On 1/10/2016 10:59 PM, Martin Eastburn wrote:
Look it up yourself. Redwood is considered both structural for beams
and a hard wood. If the wood is old - e.g. sawed months or years ago
it is hard to nail through. Not much sap inside so it lasts and lasts.

Being a cone bearing tree doesn't make it a softwood.

yes it does. Just like balsa is considered a hardwood. Technically
speaking, deciduous = hardwood, conifer=softwood.
That has nothing to do with it's actual hardness since balsa is one of
the softest woods.


Just like the
mighty oak decays faster than the fast growing popular.

And have you ever built a deck with redwood and one of pine or oak ?
pine fails fastest, then the oak then after more time the redwood takes
a refinishing and resealing.

I had a back deck that had 6x6 posts that were 22 feet long (tall). The
deck attached to the ground floor of the house and the outside on top of
these tall posts. After 17 years the posts were good as new and
had sharp square corners. Softwood would melt away.
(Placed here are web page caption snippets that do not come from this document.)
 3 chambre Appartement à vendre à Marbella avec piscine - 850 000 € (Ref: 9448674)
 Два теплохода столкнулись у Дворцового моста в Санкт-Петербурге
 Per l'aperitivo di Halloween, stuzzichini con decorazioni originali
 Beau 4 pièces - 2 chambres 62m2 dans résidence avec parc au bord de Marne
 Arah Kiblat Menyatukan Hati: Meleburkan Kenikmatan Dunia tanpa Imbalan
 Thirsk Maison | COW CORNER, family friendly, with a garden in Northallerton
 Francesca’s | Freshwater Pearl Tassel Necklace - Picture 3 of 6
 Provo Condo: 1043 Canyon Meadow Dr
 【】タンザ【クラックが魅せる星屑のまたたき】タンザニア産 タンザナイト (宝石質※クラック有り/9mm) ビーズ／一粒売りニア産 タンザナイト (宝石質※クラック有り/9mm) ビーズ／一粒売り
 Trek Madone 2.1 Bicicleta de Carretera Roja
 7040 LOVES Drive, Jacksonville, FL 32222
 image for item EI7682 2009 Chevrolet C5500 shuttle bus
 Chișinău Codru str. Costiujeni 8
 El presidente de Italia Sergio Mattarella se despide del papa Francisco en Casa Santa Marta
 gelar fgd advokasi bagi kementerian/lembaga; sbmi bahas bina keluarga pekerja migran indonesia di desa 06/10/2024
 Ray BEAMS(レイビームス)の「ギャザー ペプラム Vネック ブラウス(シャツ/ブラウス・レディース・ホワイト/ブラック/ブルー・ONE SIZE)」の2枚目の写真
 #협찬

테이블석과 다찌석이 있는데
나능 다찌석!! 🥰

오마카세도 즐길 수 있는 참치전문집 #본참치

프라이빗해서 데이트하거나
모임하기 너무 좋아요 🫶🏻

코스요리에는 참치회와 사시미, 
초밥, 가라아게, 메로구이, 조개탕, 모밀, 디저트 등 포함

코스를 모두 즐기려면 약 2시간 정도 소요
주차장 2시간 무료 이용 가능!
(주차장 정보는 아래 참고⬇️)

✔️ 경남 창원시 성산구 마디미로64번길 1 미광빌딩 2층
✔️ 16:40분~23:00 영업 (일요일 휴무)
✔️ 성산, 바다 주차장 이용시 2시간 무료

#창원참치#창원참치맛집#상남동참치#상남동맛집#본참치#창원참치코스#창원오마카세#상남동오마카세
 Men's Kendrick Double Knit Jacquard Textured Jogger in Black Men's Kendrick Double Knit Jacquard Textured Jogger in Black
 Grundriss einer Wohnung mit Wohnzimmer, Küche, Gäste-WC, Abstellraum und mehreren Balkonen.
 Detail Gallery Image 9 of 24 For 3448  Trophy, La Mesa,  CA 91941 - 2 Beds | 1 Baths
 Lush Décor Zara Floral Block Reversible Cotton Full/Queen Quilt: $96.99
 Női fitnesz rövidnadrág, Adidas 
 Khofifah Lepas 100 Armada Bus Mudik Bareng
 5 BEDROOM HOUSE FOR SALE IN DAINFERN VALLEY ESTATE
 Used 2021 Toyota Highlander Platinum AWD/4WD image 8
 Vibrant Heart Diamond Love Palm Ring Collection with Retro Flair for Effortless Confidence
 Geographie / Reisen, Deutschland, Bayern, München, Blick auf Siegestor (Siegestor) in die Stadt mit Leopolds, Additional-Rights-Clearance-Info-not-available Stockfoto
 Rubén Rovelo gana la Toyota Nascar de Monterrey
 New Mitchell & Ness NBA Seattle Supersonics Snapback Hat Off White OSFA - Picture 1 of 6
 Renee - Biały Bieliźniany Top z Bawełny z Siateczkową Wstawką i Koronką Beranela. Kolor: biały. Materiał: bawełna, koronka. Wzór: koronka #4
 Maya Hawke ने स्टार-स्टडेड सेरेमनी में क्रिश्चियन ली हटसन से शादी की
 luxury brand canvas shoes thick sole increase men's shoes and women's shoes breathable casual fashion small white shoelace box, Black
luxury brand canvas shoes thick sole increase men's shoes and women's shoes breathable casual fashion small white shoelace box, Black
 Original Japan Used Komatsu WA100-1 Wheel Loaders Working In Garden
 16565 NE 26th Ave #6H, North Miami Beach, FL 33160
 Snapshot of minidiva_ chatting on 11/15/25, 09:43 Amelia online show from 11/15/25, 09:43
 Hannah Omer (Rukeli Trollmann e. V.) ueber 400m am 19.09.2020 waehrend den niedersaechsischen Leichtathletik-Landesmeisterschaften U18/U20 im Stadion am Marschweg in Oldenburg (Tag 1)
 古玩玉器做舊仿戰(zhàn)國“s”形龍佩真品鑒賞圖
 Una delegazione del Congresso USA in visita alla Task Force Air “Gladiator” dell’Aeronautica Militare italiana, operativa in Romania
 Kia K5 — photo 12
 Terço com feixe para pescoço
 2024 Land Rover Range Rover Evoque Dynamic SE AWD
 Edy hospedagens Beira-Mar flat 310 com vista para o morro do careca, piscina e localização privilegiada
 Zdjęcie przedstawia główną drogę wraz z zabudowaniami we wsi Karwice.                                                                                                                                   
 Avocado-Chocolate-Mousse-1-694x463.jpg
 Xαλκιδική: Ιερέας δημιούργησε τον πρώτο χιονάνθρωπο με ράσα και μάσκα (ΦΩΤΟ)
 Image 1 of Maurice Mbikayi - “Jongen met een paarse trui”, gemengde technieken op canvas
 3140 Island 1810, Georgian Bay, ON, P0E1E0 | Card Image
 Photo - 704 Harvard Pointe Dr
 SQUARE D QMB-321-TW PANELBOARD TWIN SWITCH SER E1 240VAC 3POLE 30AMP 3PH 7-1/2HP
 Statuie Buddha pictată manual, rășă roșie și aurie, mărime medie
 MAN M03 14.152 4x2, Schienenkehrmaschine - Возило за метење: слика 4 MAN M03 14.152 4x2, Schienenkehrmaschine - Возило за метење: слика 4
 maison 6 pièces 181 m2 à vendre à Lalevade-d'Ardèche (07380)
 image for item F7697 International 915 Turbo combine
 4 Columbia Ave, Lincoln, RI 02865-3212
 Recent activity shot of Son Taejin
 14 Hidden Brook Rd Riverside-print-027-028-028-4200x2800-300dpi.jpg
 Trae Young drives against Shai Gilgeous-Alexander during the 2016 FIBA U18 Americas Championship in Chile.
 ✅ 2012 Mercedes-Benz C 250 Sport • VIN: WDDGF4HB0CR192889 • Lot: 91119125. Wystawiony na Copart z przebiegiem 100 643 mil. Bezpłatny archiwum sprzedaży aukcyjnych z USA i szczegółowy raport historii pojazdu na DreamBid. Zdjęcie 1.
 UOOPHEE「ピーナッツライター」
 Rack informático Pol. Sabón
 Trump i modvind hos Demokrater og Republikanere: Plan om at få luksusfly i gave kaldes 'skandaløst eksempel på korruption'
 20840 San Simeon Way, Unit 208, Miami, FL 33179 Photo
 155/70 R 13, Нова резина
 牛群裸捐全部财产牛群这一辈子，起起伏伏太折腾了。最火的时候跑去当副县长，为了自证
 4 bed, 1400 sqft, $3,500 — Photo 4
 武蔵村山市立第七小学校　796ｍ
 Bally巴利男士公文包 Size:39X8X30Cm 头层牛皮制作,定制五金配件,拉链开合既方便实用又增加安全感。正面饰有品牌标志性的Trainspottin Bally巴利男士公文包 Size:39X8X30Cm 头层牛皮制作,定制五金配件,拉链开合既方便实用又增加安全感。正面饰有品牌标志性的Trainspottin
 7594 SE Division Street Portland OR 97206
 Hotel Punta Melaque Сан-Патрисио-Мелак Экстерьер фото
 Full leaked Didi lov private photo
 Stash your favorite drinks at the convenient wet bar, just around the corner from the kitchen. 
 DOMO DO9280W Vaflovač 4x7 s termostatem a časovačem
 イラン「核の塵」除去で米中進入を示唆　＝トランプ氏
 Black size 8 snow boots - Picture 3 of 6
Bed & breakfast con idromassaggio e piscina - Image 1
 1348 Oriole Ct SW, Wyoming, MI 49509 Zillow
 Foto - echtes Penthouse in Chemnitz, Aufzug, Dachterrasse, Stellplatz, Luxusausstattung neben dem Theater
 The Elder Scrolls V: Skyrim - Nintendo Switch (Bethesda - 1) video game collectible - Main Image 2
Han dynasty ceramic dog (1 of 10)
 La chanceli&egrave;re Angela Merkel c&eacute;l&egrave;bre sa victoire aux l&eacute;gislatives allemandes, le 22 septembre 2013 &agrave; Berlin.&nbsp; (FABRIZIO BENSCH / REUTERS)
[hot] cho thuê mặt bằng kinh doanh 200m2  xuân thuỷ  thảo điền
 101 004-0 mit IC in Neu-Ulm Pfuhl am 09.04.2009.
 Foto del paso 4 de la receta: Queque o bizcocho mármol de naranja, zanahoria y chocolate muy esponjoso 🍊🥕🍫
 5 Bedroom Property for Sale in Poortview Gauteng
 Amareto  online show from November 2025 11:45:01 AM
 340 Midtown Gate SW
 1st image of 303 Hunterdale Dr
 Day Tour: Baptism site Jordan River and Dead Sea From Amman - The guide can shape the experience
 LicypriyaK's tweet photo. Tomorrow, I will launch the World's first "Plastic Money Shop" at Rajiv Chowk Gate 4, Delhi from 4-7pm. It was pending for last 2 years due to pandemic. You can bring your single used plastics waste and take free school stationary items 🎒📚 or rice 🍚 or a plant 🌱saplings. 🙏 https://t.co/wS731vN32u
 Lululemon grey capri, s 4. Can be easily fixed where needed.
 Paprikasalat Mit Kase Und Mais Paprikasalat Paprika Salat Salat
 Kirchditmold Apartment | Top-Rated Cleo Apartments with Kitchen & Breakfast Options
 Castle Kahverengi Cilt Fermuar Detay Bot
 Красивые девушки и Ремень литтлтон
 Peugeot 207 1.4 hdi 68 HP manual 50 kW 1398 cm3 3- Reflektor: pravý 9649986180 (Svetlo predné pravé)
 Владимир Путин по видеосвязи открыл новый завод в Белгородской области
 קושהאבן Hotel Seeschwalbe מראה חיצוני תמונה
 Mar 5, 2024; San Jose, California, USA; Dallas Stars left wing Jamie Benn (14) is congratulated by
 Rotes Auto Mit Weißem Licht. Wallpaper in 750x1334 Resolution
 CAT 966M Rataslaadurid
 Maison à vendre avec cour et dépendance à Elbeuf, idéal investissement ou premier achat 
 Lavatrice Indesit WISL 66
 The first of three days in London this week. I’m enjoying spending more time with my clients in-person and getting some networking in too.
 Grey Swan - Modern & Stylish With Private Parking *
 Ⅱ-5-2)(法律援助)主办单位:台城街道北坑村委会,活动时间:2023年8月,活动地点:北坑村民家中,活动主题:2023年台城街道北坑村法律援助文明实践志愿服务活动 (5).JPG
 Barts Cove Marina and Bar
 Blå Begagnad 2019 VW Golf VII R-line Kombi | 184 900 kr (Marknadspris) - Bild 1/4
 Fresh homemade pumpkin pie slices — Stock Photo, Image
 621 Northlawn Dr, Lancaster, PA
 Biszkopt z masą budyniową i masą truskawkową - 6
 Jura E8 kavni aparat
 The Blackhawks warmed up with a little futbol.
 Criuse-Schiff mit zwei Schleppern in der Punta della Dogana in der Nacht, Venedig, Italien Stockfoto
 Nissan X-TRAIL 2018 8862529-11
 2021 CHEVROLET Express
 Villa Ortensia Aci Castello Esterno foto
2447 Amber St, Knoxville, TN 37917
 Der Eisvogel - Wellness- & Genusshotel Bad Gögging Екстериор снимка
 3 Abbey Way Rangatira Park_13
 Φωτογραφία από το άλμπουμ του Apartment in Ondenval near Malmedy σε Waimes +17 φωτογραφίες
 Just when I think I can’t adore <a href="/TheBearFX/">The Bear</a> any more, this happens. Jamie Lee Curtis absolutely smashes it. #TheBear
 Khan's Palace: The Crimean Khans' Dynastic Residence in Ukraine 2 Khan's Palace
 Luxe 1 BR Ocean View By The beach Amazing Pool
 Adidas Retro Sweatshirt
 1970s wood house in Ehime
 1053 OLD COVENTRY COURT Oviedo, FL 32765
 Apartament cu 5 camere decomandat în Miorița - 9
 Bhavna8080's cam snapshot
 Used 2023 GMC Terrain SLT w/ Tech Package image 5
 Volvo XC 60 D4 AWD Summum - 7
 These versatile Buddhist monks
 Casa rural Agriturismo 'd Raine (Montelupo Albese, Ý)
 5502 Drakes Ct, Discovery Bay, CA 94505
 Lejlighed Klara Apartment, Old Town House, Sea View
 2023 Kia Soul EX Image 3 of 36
We were getting 60" in low rain years, 30 when it didn't rain and over
100 when it poured. It was a rain forest with moss and fern all over.

http://www.calredwood.org/

Some call it soft because they don't use it. Some call it hard because
the experts call it that way. And the lumber stores call it that way.
It is a different species than conus or pines. Different rings and
structure.

Martin

On 1/10/2016 4:11 PM, krw wrote:
On Sat, 9 Jan 2016 21:59:57 -0600, Martin Eastburn
wrote:

Remember there are three species of Redwood. You are taking about the
Sequoia sempervirens is the coastal 350 feet + tall. The inland are
shorter but have massive trunks - drive through and live in... they are
the or giant sequoia (Sequoiadendron giganteum) 280 feet + with 26 feet
diameter trunks and the new one : Metasequoia glyptostroboides, the dawn
redwood the shrimp a mere 200 feet.

All have subspecies and are complex in nature. Most people don't
acknowledge that Redwood is Structural wood and a hardwood.


Huh? Redwood is a conifer, thus a softwood. ...or is there some
variety of Redwood that's crossed the line?